Your goal → Pictures must not appear in the copy. Restate exactly the lines below from the one with "To make the" through the one with "Word of the", inclusive.

Supplied data →
§ §

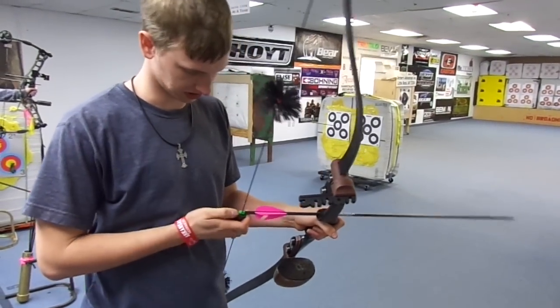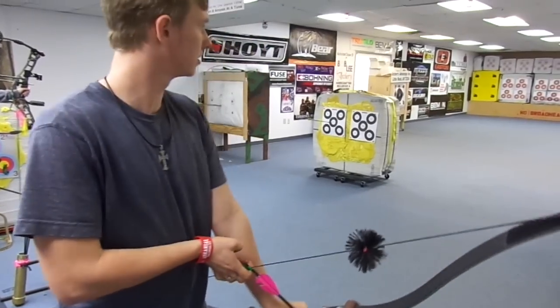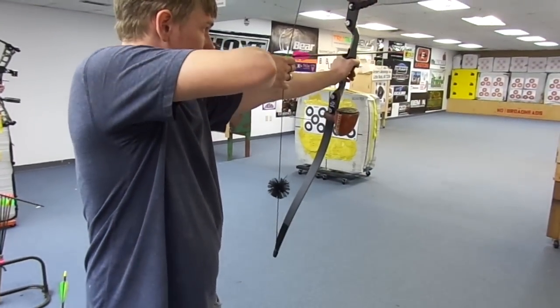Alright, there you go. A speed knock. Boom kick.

§ §

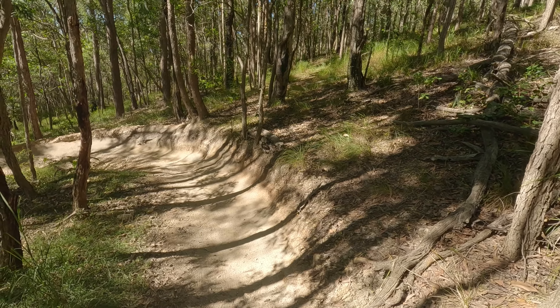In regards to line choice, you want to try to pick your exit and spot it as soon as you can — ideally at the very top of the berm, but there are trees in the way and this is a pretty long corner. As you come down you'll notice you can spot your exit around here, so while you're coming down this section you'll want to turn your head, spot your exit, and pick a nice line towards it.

§ §

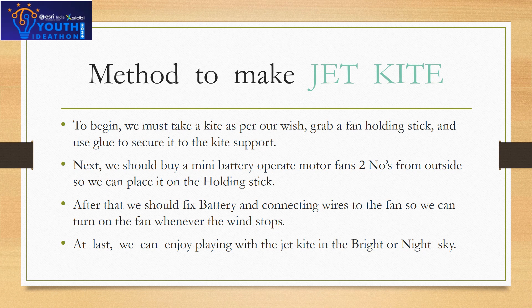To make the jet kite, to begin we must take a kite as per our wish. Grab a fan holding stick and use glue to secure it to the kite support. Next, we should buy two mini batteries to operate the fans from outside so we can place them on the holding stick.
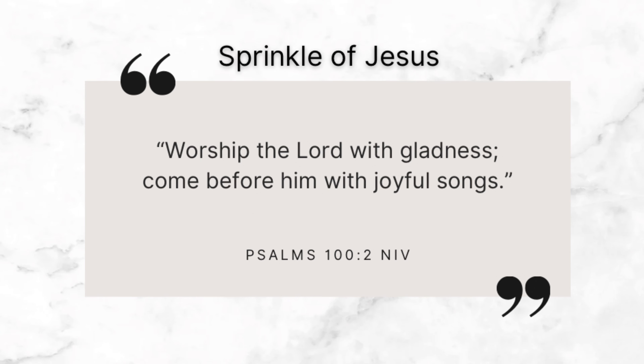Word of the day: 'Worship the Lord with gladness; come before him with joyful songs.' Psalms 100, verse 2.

§ §

Task answer →
To make the jet kite, to begin we must take a kite as per our wish. Grab a fan holding stick and use glue to secure it to the kite support. Next, we should buy two mini batteries to operate the fans from outside so we can place them on the holding stick.
Word of the day: 'Worship the Lord with gladness; come before him with joyful songs.' Psalms 100, verse 2.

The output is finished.